Objective We investigated allergen and recall antigen-driven T cell proliferation, cytokine production and T cell expression of the chemokine receptor CCR4, in cultures derived from symptomatic atopics (SA), subjects with AS and healthy controls (HC). Numbers of allergen-specific precursor T cells in all three groups were also estimated.
Methods Peripheral blood mononuclear cells from the three groups were isolated and stimulated with allergen and tetanus toxoid. Proliferation, cytokine production and CCR4 expression were measured by flow cytometry.

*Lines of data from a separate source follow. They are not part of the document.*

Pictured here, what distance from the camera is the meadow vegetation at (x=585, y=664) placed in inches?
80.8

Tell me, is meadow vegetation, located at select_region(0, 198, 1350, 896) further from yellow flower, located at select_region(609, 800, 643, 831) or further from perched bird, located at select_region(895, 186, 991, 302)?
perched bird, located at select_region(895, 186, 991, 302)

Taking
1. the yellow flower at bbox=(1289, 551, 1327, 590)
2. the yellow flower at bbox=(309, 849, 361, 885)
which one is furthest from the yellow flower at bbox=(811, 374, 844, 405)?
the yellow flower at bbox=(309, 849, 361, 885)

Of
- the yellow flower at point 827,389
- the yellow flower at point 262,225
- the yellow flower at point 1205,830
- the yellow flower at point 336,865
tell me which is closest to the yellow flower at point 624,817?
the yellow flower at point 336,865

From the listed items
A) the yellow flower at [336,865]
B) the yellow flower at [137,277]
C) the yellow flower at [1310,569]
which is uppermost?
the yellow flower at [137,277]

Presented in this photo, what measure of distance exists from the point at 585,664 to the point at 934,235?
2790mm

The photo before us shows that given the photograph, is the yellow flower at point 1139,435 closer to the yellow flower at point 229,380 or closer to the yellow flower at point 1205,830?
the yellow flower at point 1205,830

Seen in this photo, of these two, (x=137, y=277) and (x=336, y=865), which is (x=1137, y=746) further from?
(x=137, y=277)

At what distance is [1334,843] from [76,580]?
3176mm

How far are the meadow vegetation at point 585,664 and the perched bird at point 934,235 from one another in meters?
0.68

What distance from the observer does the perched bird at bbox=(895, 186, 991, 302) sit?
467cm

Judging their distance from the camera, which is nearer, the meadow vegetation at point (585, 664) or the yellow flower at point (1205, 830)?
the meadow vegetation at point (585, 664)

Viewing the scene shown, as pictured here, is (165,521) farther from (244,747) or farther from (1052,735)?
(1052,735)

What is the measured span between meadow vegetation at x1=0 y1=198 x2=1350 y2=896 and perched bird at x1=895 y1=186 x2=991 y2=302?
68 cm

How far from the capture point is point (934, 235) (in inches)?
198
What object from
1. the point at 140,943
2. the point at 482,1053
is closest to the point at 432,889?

Results A significantly increased proportion of CD4+ memory T cells proliferated in response to allergen in SA as compared with subjects with AS (P<0.001) and HC (P<0.001). Only in SA was expansion of CD4+CCR4+ T cells, after allergen stimulation observed. SA had higher frequencies of allergen-specific T cells than subjects with AS and HC (P=0.02, for both). With regard to allergen-induced production of T-helper type 1 (Th1) and Th2 cytokines, subjects with AS and HC resembled each other, while differing significantly from SA.

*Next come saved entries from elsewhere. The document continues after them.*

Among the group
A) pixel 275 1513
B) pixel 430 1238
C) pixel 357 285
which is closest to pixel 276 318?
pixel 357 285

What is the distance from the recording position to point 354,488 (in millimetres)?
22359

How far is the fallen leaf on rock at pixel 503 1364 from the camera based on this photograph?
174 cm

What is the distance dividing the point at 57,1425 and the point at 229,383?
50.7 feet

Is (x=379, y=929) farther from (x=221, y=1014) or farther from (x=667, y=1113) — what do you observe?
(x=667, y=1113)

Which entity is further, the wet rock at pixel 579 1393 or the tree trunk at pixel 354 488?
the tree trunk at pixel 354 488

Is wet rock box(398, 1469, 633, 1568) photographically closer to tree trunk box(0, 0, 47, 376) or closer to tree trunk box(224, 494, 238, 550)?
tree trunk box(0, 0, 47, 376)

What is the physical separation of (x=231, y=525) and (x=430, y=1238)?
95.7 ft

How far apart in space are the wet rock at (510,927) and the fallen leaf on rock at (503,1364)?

Conclusion We conclude, that subjects with AS, although clearly IgE sensitized, have significant diminished numbers of allergen-specific T cells as well as decreased allergen-induced CD4+ memory T cell proliferation as compared with SA. To a large extent, our findings are capable of explaining the immunological characteristics associated with AS. Our findings may serve as better prognostic markers for subsequent allergic progression, than previously described clinical and paraclinical characteristics.